From: Viacheslav Dubeyko <Slava.Dubeyko@ibm.com>
To: Alex Markuze <amarkuze@redhat.com>,
"slava@dubeyko.com" <slava@dubeyko.com>,
David Howells <dhowells@redhat.com>
Cc: "linux-block@vger.kernel.org" <linux-block@vger.kernel.org>,
"idryomov@gmail.com" <idryomov@gmail.com>,
"jlayton@kernel.org" <jlayton@kernel.org>,
"linux-fsdevel@vger.kernel.org" <linux-fsdevel@vger.kernel.org>,
"ceph-devel@vger.kernel.org" <ceph-devel@vger.kernel.org>,
"dongsheng.yang@easystack.cn" <dongsheng.yang@easystack.cn>,
"linux-kernel@vger.kernel.org" <linux-kernel@vger.kernel.org>
Subject: Re: [RFC PATCH 32/35] netfs: Add some more RMW support for ceph
Date: Wed, 19 Mar 2025 19:14:24 +0000 [thread overview]

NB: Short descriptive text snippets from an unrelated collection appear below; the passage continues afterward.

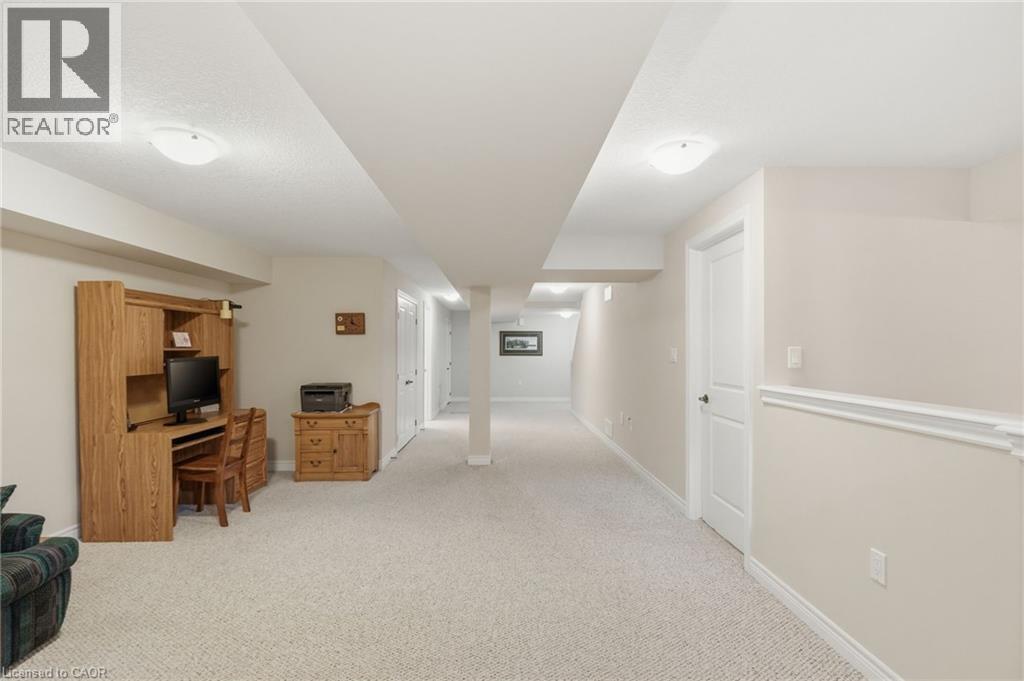 3 ECKER Lane, Binbrook, Ontario, L0R1C0 — Photo 39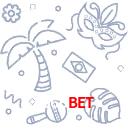 Inovações de Jogos na 0066bet: O Futuro das Experiências Interativas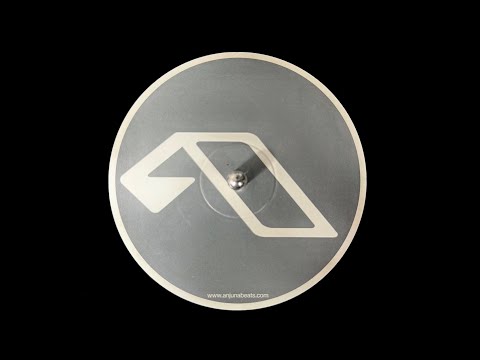 Aalto – Resolution (Original Mix) (2005)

Message-ID: <b31f451e2949e7c07535accda067178238f7e1bb.camel@ibm.com> (raw)
In-Reply-To: <20250313233341.1675324-33-dhowells@redhat.com>
On Thu, 2025-03-13 at 23:33 +0000, David Howells wrote:
> Add some support for RMW in ceph:
>
> (1) Add netfs_unbuffered_read_from_inode() to allow reading from an inode
> without having a file pointer so that truncate can modify a
> now-partial tail block of a content-encrypted file.
>
> This takes an additional argument to cause it to fail or give a short
> read if a hole is encountered. This is noted on the request with
> NETFS_RREQ_NO_READ_HOLE for the filesystem to pick up.
>
> (2) Set NETFS_RREQ_RMW when doing an RMW as part of a request.
>
> (3) Provide a ->rmw_read_done() op for netfslib to tell the filesystem
> that it has completed the read required for RMW.
>
> Signed-off-by: David Howells <dhowells@redhat.com>
> cc: Jeff Layton <jlayton@kernel.org>
> cc: Viacheslav Dubeyko <slava@dubeyko.com>
> cc: Alex Markuze <amarkuze@redhat.com>
> cc: Ilya Dryomov <idryomov@gmail.com>
> cc: ceph-devel@vger.kernel.org
> cc: linux-fsdevel@vger.kernel.org
> ---
> fs/netfs/direct_read.c | 75 ++++++++++++++++++++++++++++++++++++
> fs/netfs/direct_write.c | 1 +
> fs/netfs/main.c | 1 +
> fs/netfs/objects.c | 1 +
> fs/netfs/read_collect.c | 2 +
> fs/netfs/write_retry.c | 3 ++
> include/linux/netfs.h | 7 ++++
> include/trace/events/netfs.h | 3 ++
> 8 files changed, 93 insertions(+)
>
> diff --git a/fs/netfs/direct_read.c b/fs/netfs/direct_read.c
> index 5e4bd1e5a378..4061f934dfe6 100644
> --- a/fs/netfs/direct_read.c
> +++ b/fs/netfs/direct_read.c
> @@ -373,3 +373,78 @@ ssize_t netfs_unbuffered_read_iter(struct kiocb *iocb, struct iov_iter *iter)
> return ret;
> }
> EXPORT_SYMBOL(netfs_unbuffered_read_iter);
> +
> +/**
> + * netfs_unbuffered_read_from_inode - Perform an unbuffered sync I/O read
> + * @inode: The inode being accessed
> + * @pos: The file position to read from
> + * @iter: The output buffer (also specifies read length)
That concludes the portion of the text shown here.